Any parent knows children spend most of their day involved in healthy imagination oriented play and in turn, that play develops into creative critical thinking. Did nature and God make this attractive to children just because it’s fun?

No, no, no!

The Arts are necessary for growing minds and lifelong happiness. I implore those responsible for these decisions to keep art and music in the schools lest we risk dooming our children to lives of emotional despair.

Lynn Harrell

3 Responses to An Open Letter To The Los Angeles Unified School District

  1. Steven Honigberg February 12, 2012 at 11:03 am #

    As a parent of musical children I applaud your letter.

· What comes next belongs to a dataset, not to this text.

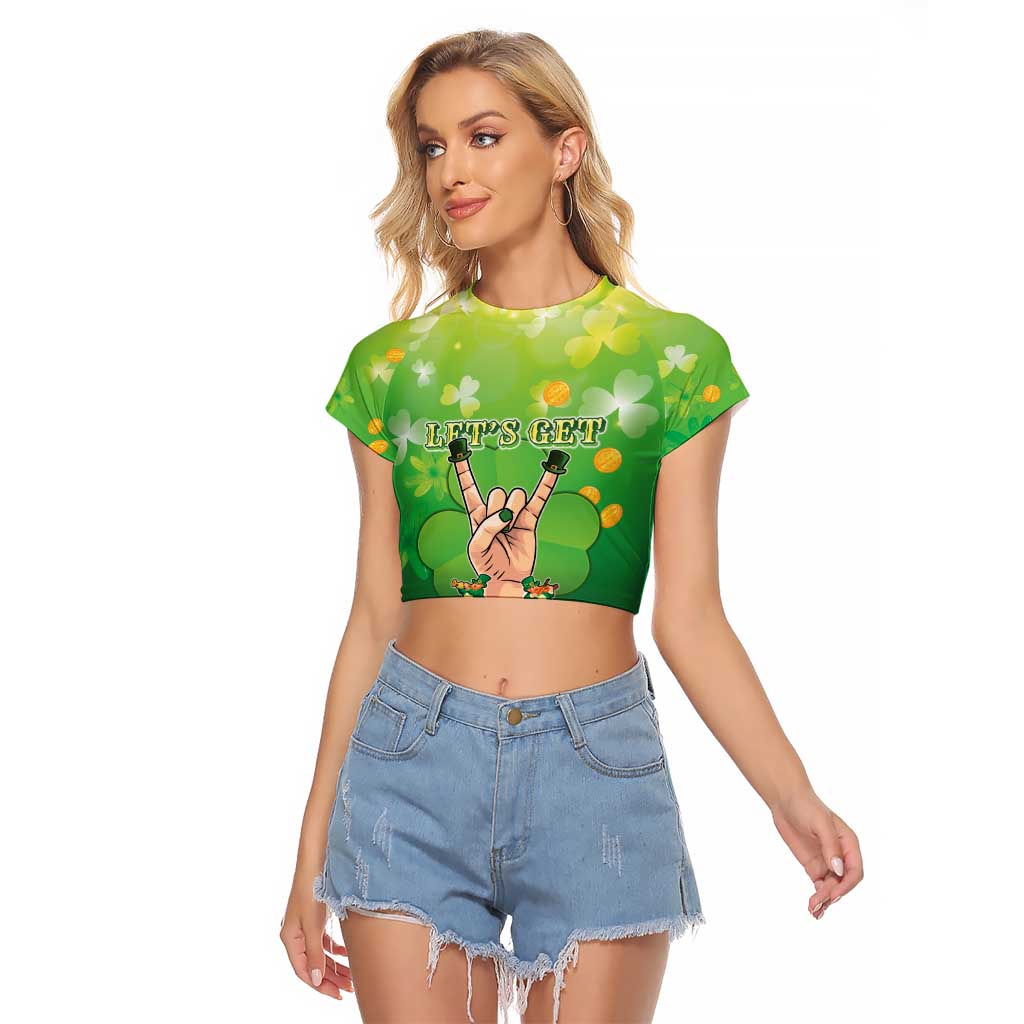 St Patrick's Day Raglan Cropped T Shirt Ready To Shamrock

Although I didn’t have a healthy musical system in place in my elementary, junior high and high schools growing up in the 1970s, I (my parents) found it elsewhere for me in the city of Chicago (youth orchestra, civic orchestra, Frank Miller and Karl Fruh). In Washington DC, I routinely see children carrying their tiny instruments into school. Don’t eliminate this valuable and healthy outlet for our children. Bravo Lynn.
    -Steven Honigberg

  2. Bradley Greer March 21, 2012 at 7:14 am #

    Thank you for writing this letter.
    The arts in public schools are dwindling, not only due to budget cuts, but because of the misguided obsession with the almighty test, and we need to do everything possible to prevent the complete obliteration of arts for our children.
    Great artists like you, Mr. Harrell, go a long way toward bringing this travesty to light.
    Thank you!
    Bradley Greer
    Art Teacher, LAUSD

  3. Robert Dean June 4, 2015 at 7:12 am #

    The abomination in this is that school administrators and school boards are only acting out of self-interest in protecting their jobs through compliance with what they know to be wrong. There are very few of them who are willing to listen to parents and community leaders and act in the best interest of children. It is not about the money. It’s about values, and the cowardly school leaders who won’t speak out for fear of losing their positions. Thus, we have schools systems where cheating and teaching test answers are becoming the norm. And that, my art-loving friends, is the value that kids are learning from this. Students know that testing is a game to be played and won at whatever cost. So the values that one learns through musical activities- hard work, discipline, reliance on team effort, appreciation of world cultures, and expression of emotions- become replaced by the values of expediency and doing the minimum required. Thank you, Mr. Harrell, for lending your voice to this cause. I have followed your career for many years, and have confidence that people, such as yourself, are going to be listened to.